In the Validation Act Appended to the Naval Agreement Bill there was inserted a clause whereby, “purely Australian naval defence forces” were to be maintained in addition to the new Imperial squadron. Such Australian forces, said the Act, ships and armament as may be approved by parliament shall be maintained by the Commonwealth and be solely under its control”. This Australian force was composed of the units previously owned by the Colonies and purchased by the new Commonwealth within the bounds of the Consolidated Revenue Act. No. 17 of 1902, wherein £787,151 was appropriated for defence.

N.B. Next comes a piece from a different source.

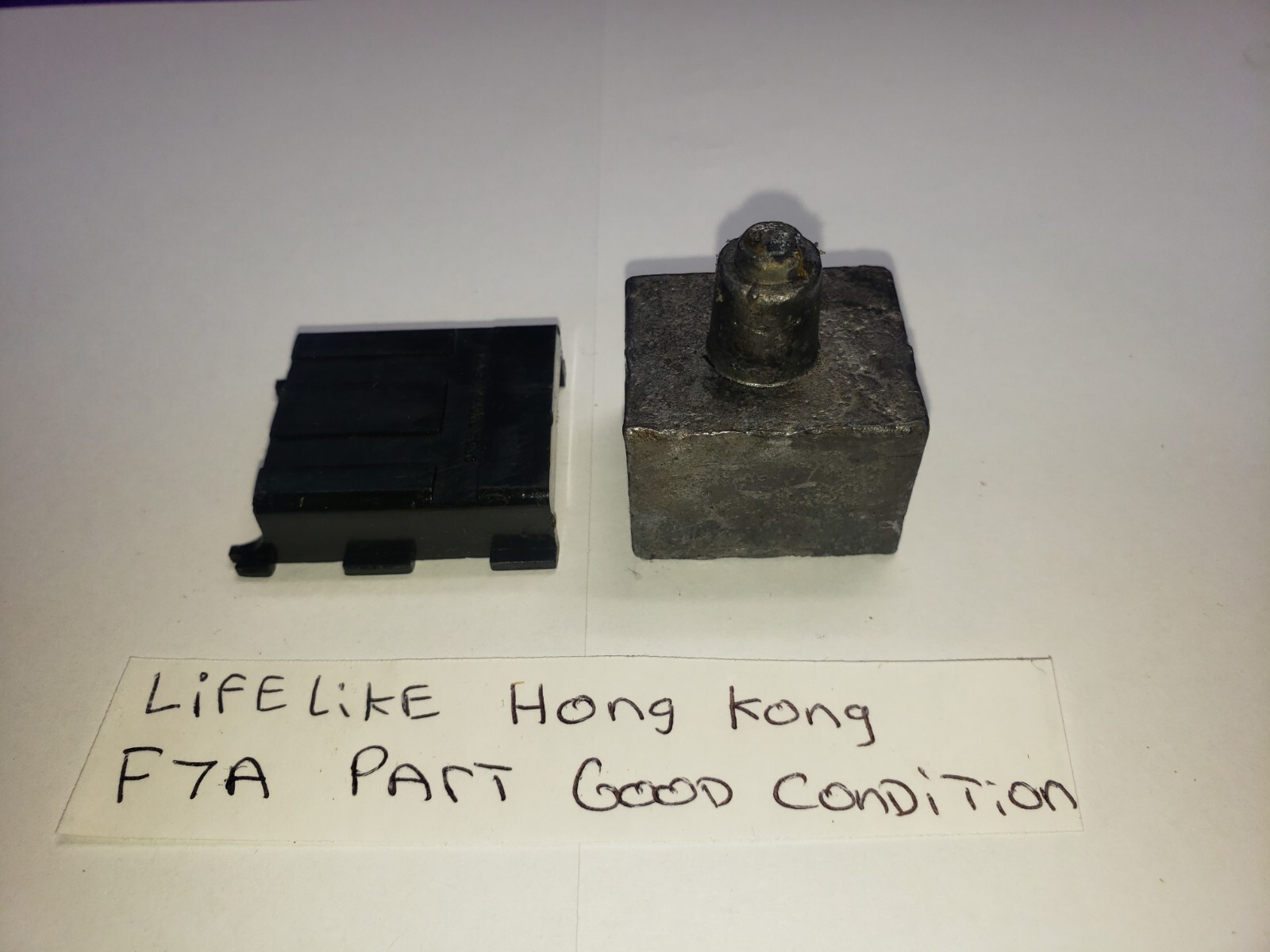 WEIGHT AND AIRTANKS FOR 1974 LIFELIKE HO BALTIMORE AND OHIO F7 A B&O 82 OP-5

Deakin succeeded Barton, Watson was the first Labour P.M. for a few months then Reid hoisted his pennant. These ministries were shaky and short lived. The only constant was the beavering of Queenslanders on the naval question. Sir Samuel Griffiths ex Queensland Premier and first Chief Justice of the High Court encouraged Captain Creswell, former commander of the Queensland Navy, to submit plans and costs for the establishment of a modern centralised squadron. Two million pounds sterling Creswell (now elevated to flag rank by George Reid) reckoned would buy 3 cruiser destroyers of 3,000 tons each, 16 torpedo-boat destroyers of 550 tons each and five first-class and eight second-class torpedo boats. This was 1905 and with Mr Deakin again on the bridge, Creswell was dispatched to London ostensibly to study naval developments but more likely to cool public criticism. That the demand for action, for confrontation with the Imperial government was rising, is evidenced in debates which quote Brisbane Mail, The Sydney Morning Herald and Melbourne Age editorials highly critical of shilly-shallying in the face of the Japanese victory over Russia which had completely altered the balance of power in Asia and the Pacific.

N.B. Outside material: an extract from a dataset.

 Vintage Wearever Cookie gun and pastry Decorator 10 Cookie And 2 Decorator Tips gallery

Deakin, later in the year, did voice Australian opinion by pointing out to the Imperial Government that the 1902 Agreement was not working. Speaking of the £200,000 a year paid to Admiralty, Deakin, known as the prince of compromise, dented his reputation by stating:
“No Commonwealth patriotism is aroused while we merely supply funds that disappear in the general expenditure of the Admiralty“. (Jose p.xxv).